Valéry Giscard d’Estaing s’installa tout seul à l’Élysée, son épouse Anne-Aymone jugeant les appartements privés trop exigus et trop mal agencés pour y loger avec ses quatre enfants. Ce qui laissait libre cours à la vie joyeuse du jeune président… Le 2 octobre 1974, alors qu’il rentrait à l’Élysée au petit matin en compagnie d’une belle actrice, sa Ferrari emboutit la camionnette d’un laitier. Au grand éclat de rire des journalistes de l’époque.
Pour François Mitterrand, l’Élysée fut un lieu de travail. Déchiré entre sa vie « officielle » rue de Bièvre au côté de son épouse Danielle et sa vie officieuse avec la maman de Mazarine, née six ans avant son élection, il n’avait pas vraiment le temps d’habiter le palais présidentiel.
Jacques Chirac a sans doute été le chef de l’État qui a le plus apprécié l’endroit. En tout cas, il en a investi les appartements avec volupté. « Chirac a toujours habité là où il travaillait et travaillé là où il habitait », soulignait l’un de ses anciens conseillers. Ce fut vrai à la mairie de Paris comme à l’Élysée. Bernadette Chirac, elle, ne cache jamais la nostalgie que lui inspire le temps enfui, quand elle aménageait à son goût les jardins en fleurs du palais.
Quant à Nicolas Sarkozy, il semble tellement apprécier les fastes de la demeure qu’il s’y est marié avec Carla Bruni le 2 février 2008. Cérémonie intime qui se déroula au premier étage en présence d’une vingtaine de personnes seulement, la famille proche et une poignée d’amis.

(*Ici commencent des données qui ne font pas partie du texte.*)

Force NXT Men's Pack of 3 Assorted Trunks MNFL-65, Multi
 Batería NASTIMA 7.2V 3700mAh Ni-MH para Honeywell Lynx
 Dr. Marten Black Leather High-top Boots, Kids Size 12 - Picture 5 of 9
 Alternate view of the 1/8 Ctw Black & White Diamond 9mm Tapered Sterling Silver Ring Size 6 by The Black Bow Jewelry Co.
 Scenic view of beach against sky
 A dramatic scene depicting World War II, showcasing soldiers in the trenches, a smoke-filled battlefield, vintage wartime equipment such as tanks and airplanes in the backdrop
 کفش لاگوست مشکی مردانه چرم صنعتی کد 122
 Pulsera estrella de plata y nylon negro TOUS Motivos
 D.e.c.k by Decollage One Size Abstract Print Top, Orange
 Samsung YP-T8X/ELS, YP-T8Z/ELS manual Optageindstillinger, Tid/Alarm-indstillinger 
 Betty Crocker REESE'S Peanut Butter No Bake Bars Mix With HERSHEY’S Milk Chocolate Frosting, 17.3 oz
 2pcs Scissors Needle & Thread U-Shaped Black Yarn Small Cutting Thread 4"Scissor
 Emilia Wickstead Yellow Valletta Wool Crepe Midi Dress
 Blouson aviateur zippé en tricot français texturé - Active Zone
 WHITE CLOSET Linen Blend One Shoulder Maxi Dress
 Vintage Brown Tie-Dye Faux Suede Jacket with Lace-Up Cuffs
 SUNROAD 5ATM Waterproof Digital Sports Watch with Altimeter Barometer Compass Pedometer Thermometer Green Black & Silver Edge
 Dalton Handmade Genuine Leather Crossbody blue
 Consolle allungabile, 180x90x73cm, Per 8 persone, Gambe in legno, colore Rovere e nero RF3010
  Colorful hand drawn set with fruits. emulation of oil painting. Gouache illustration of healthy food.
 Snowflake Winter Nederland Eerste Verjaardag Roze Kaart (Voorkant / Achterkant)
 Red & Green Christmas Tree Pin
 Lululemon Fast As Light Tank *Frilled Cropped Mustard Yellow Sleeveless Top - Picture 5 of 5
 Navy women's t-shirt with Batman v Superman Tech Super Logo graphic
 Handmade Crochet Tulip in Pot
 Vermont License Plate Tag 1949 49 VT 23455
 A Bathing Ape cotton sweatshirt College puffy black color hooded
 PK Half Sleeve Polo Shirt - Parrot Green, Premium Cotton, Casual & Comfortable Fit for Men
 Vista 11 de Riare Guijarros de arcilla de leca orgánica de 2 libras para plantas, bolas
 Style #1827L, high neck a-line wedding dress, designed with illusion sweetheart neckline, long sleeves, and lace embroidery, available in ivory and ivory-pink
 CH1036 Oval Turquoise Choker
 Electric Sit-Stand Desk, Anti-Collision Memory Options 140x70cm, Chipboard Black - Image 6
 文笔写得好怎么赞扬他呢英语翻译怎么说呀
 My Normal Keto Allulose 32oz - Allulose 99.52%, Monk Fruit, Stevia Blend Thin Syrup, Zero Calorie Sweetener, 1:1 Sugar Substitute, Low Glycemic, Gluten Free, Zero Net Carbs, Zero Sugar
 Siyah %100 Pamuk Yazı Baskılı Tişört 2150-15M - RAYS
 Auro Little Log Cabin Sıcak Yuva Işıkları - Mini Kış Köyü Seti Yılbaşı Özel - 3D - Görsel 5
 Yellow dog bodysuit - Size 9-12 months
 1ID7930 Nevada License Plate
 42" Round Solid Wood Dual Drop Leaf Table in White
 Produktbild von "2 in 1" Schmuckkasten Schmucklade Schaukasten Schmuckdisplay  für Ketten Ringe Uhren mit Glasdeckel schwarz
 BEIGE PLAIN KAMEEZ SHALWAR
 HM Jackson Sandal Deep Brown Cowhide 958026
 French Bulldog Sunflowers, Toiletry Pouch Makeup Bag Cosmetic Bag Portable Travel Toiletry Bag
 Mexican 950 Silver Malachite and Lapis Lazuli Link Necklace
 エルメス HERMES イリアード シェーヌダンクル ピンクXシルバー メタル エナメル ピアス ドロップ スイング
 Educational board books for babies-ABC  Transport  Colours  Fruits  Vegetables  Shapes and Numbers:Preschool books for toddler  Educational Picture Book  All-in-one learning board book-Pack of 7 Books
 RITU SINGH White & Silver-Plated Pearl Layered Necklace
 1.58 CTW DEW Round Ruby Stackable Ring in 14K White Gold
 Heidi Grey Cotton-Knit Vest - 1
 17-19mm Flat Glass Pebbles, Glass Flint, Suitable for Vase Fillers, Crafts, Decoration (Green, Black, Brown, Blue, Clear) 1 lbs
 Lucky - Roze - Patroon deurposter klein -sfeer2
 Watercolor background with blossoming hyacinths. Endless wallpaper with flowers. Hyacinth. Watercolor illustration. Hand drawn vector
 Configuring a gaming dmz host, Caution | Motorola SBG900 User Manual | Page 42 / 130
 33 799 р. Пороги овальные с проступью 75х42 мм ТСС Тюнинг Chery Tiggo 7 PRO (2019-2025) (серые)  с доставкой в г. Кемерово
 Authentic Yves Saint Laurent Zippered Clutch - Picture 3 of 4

— Je n’ai rien calculé, rien prévu. Je ne me suis jamais mariée avant. Je suis de culture italienne et je n’aimerais pas divorcer… Je suis donc la première dame jusqu’à la fin du mandat de mon mari, et son épouse jusqu’à la mort… Mon voyage de noces fut une promenade de vingt minutes dans le parc du château de Versailles. Merveilleux voyage de noces tout de même, déclara à la presse médusée la nouvelle locataire du palais.
Mais le mariage de Sarkozy n’est pas réellement une première : le 1er juin 1931, le président Gaston Doumergue, resté célibataire durant tout le temps de son mandat, se maria là aussi, douze jours avant de quitter ses fonctions.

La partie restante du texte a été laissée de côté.